Can someone tell me what is the best way to take pictures of the moon with this camera.  I have only had this camera for a few days, alot to learn about it, need some help.  Thanks!


----------



## jrizal (Jun 5, 2012)

you can try this

Settings to use when capturing the moon - Canon 60D Forum


----------



## LizardKing (Jun 5, 2012)

Not having manual focus is gonna be an issue here, but put the camera in manual mode (M on the dial). Aperture is not really an issue, maybe f/5.6 is enough... if not, try a smaller one (bigger f/number)... shutterspeeds of -at least- 1/100th or faster if possible... try to keep your ISO to the minimum possible... 

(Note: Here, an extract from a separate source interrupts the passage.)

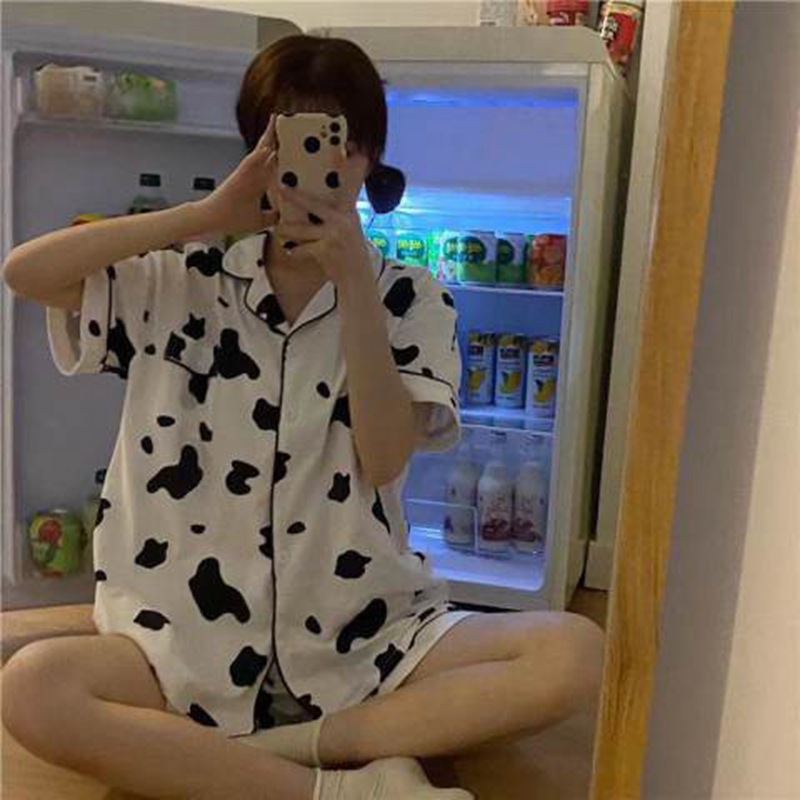 Pijamas de manga corta de verano de dibujos animados de las mujeres de estilo coreano vaca suelta ins estilo wechat celebridad en línea de dos piezas ropa para el hogar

Try different combinations based on the results you get... and, OF COURSE, set the camera on a tripod and try not to have other sources of light polluting the image.


----------



## JoshuaSimPhotography (Jun 5, 2012)

Hi there,
My friend is interested in buying this camera, is it a good cam? Advatages or disadvantages?

Thanks,
JoshuaSimPhotography


----------



## jrizal (Jun 5, 2012)

See the link. The model is a previous version but the comparisons are still helpful.Canon SX40 vs Nikon P500


----------



## Rosepedals52 (Jun 5, 2012)

This camera is great, I still have alot to learn and sometimes the manual is just not enough.


----------



## Rosepedals52 (Jun 5, 2012)

Thank you!


----------



## Rosepedals52 (Jun 5, 2012)

Great camera with an awesome zoom.


----------



## Rosepedals52 (Jun 5, 2012)

How can I get 5 shots in one second on this Nikon P510


----------



## jrizal (Jun 5, 2012)

Put it in burst mode. The controls are in the menus. I am not sure if it has a separate button for this feature. But most probably it doesn't.


----------